In block 508, one or more coatings are applied to the surface of the component while the mask is positioned at the masking location. As such, the mask inhibits the coating(s) from being applied at the masking location. Thereafter, such as depicted in block 510, the surface of the component can be blended to remove any unwanted edges or transitions that may occur between the coating(s) and the surface of the component. Typically, such blending is performed after the mask is removed. In block 512, the mask is used on another component.

It should be emphasized that the above-described embodiments are merely possible examples of implementations set forth for a clear understanding of the principles of this disclosure. Many variations and modifications may be made to the above-described embodiments without departing substantially from the spirit and principles of the disclosure.
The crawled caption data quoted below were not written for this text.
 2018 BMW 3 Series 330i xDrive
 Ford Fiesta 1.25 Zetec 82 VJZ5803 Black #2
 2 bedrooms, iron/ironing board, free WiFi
All such modifications and variations are intended to be included herein within the scope of this disclosure and protected by the accompanying claims.

Claims

1. A method for repairing a gas turbine engine component comprising:

providing a self-coiling strip of material;

positioning the strip of material at a masking location of the component such that the strip of material coils and is retained at the masking location; and

applying a coating to the surface of the component such that the strip of material inhibits coating at the masking location.
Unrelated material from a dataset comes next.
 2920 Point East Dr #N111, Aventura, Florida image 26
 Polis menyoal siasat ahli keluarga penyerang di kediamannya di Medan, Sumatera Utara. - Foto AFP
2. The method of claim 1, wherein the surface is an outer surface.

3. The method of claim 1, further comprising preparing the surface of the component.

4. The method of claim 3, wherein:

the preparing is performed after the strip of material is positioned; and

the preparing comprises removing a previously applied coating.

5. The method of claim 4, wherein the preparing comprises stripping the surface using a water jet.

6. The method of claim 1, wherein the strip of material is a strip of spring steel.

7. The method of claim 1, wherein the positioning comprises positioning the strip of material annularly about the component.

8. The method of claim 1, wherein the component is an outer air seal of a gas turbine engine.

9. The method of claim 1, wherein the applying comprises plasma spray coating the surface of the component.

10. The method of claim 1, wherein:

the component is a first component and exhibits a first outer diameter; and

the method further comprises using the strip of material as a mask for a second component exhibiting a second outer diameter different than the first outer diameter.

11. The method of claim 1, further comprising positioning a support between the surface of the component and the strip of material such that radial positioning of the masking location is accommodated.

12. A method for repairing a gas turbine engine component comprising:

using a self-coiling strip of material as a mask during application of a coating to a surface of the component.

13. The method of claim 12, further comprising preparing the surface of the component prior to the application of the coating.

14. The method of claim 13, wherein the preparing comprises removing a previously applied coating from the surface of the component.

15. The method of claim 12, wherein the using comprises using the self-coiling strip of material as a mask during plasma spray coating of the surface of the component.

16. The method of claim 12, wherein the using comprises positioning a support between the surface of the component and the self-coiling strip of material such that the support establishes a radial position of the self-coiling strip of material in a vicinity of the support.

17. The method of claim 12, further comprising using the self-coiling strip of material as a mask during application of a coating to a surface of a second component.

18. A mask for use in repair of a gas turbine engine component, said mask comprising:

a re-usable strip of self-coiling material.

19. The mask of claim 18, wherein the material is metal and exhibits an uncoiled length at least equal to the perimeter of a component about which the mask is to be positioned.

20. The mask of claim 18, wherein the material is spring steel.